By far the most common Hive question on StackOverflow is how to do argmin and argmax. Usually there’s a lot of other complex thinking wrapped around the problem, but most of the time when someone is having a hard time writing a tricky query, it boils down to them not knowing how to do argmin or argmax.

It’s funny because this is a feature that Hive developers consciously chose not to implement. It would not be hard to simply add these two as “built-in” UDFs. But they haven’t been added because there is a simple, but totally non-obvious work-around, as explained in this JIRA ticket, but summarized more clearly here.

The key is that Hive compares structs by the order of their fields. For instance, {a:1,b:2} is less than {a:2,b:1}. So if you want the value of column x that minimizes y, you can do:

min(named_struct('y', y, 'x', x)).x

As an example, let’s say you have a table with three columns: customer_id, store_id, amount_spent. You want to know, for each store, which customer spent the most.
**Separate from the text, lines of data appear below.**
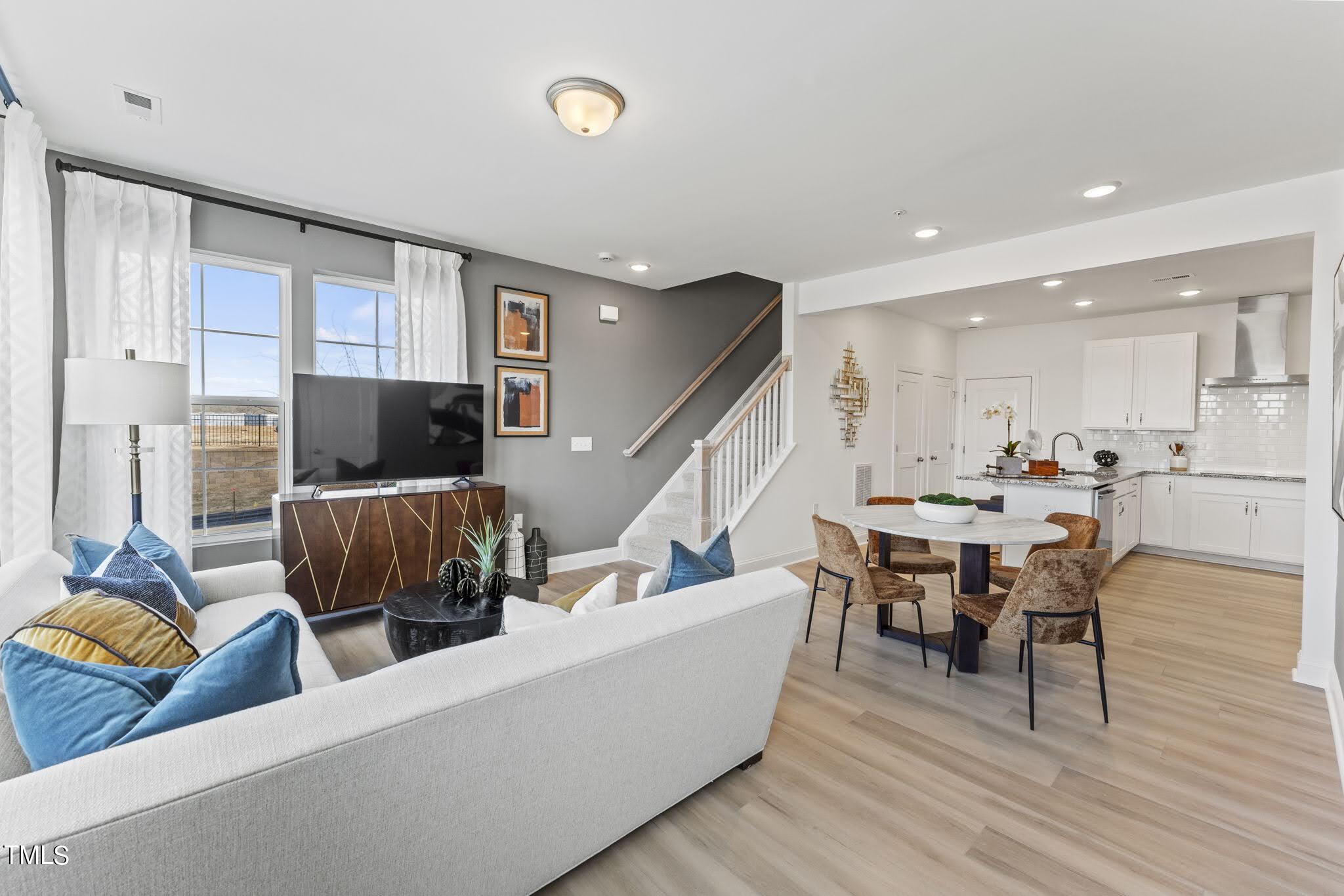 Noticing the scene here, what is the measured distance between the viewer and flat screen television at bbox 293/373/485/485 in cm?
356

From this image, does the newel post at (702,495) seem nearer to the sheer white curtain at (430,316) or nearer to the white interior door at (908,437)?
the sheer white curtain at (430,316)

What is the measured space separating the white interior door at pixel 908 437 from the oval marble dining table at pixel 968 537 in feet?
10.7

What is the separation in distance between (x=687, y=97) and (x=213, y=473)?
336 centimetres

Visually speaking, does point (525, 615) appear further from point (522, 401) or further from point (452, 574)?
point (522, 401)

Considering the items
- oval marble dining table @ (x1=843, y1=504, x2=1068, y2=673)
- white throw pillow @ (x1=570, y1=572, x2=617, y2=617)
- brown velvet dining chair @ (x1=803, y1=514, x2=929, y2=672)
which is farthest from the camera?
brown velvet dining chair @ (x1=803, y1=514, x2=929, y2=672)

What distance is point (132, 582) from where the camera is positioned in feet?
6.01

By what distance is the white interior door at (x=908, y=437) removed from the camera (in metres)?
6.65

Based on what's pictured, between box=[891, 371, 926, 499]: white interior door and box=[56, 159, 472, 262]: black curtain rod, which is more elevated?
box=[56, 159, 472, 262]: black curtain rod

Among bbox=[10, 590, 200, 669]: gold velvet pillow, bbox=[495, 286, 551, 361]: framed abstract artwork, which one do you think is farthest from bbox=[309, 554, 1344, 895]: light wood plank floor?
bbox=[495, 286, 551, 361]: framed abstract artwork

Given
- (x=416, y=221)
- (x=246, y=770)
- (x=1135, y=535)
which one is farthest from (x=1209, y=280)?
(x=246, y=770)

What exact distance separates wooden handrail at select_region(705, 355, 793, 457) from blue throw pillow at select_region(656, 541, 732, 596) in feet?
8.84

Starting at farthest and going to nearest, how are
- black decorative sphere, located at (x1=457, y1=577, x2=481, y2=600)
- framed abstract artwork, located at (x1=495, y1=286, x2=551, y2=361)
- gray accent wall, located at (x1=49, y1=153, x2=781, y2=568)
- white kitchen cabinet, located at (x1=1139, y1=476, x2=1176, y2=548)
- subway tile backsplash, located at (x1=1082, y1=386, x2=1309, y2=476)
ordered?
1. white kitchen cabinet, located at (x1=1139, y1=476, x2=1176, y2=548)
2. subway tile backsplash, located at (x1=1082, y1=386, x2=1309, y2=476)
3. framed abstract artwork, located at (x1=495, y1=286, x2=551, y2=361)
4. gray accent wall, located at (x1=49, y1=153, x2=781, y2=568)
5. black decorative sphere, located at (x1=457, y1=577, x2=481, y2=600)

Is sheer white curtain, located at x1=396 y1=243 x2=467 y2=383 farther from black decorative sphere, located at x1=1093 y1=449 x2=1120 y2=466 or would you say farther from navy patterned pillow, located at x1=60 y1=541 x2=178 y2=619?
black decorative sphere, located at x1=1093 y1=449 x2=1120 y2=466

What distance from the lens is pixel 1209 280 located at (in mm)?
4824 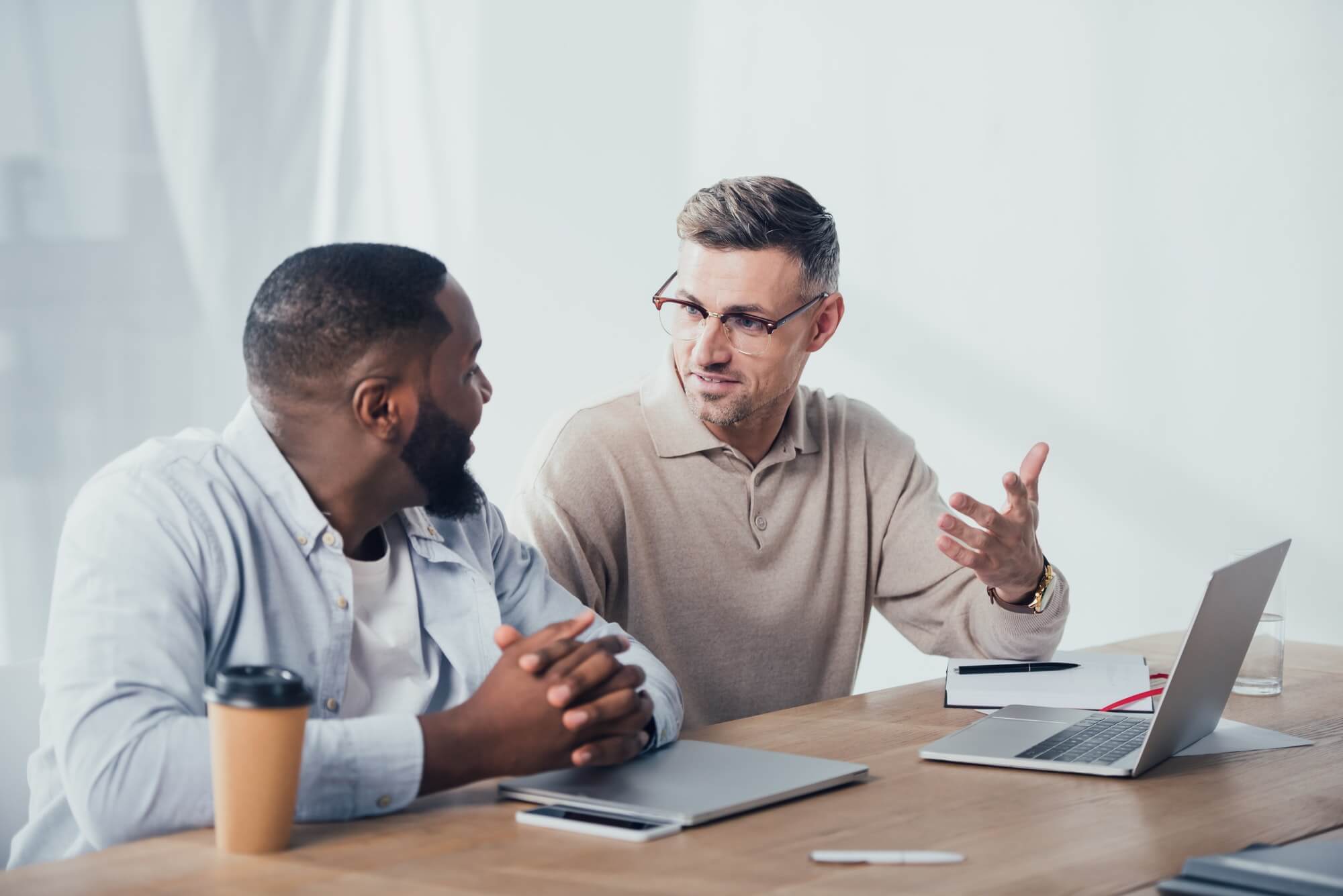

The query would be:

select store_id, max(
    named_struct(
        'amount_spent', amount_spent,
        'customer_id', customer_id
    )
).customer_id
from customer_spending
group by store_id

This seems like a good place to use macros, which were added in Hive 0.12, but unfortunately those are strictly-typed, so you’d have to have one for every pair of different types, and they also don’t support UDAFs, only UDFs, so you can’t include “min” or “max” in one. Oh well, maybe macros will get some love in a future release.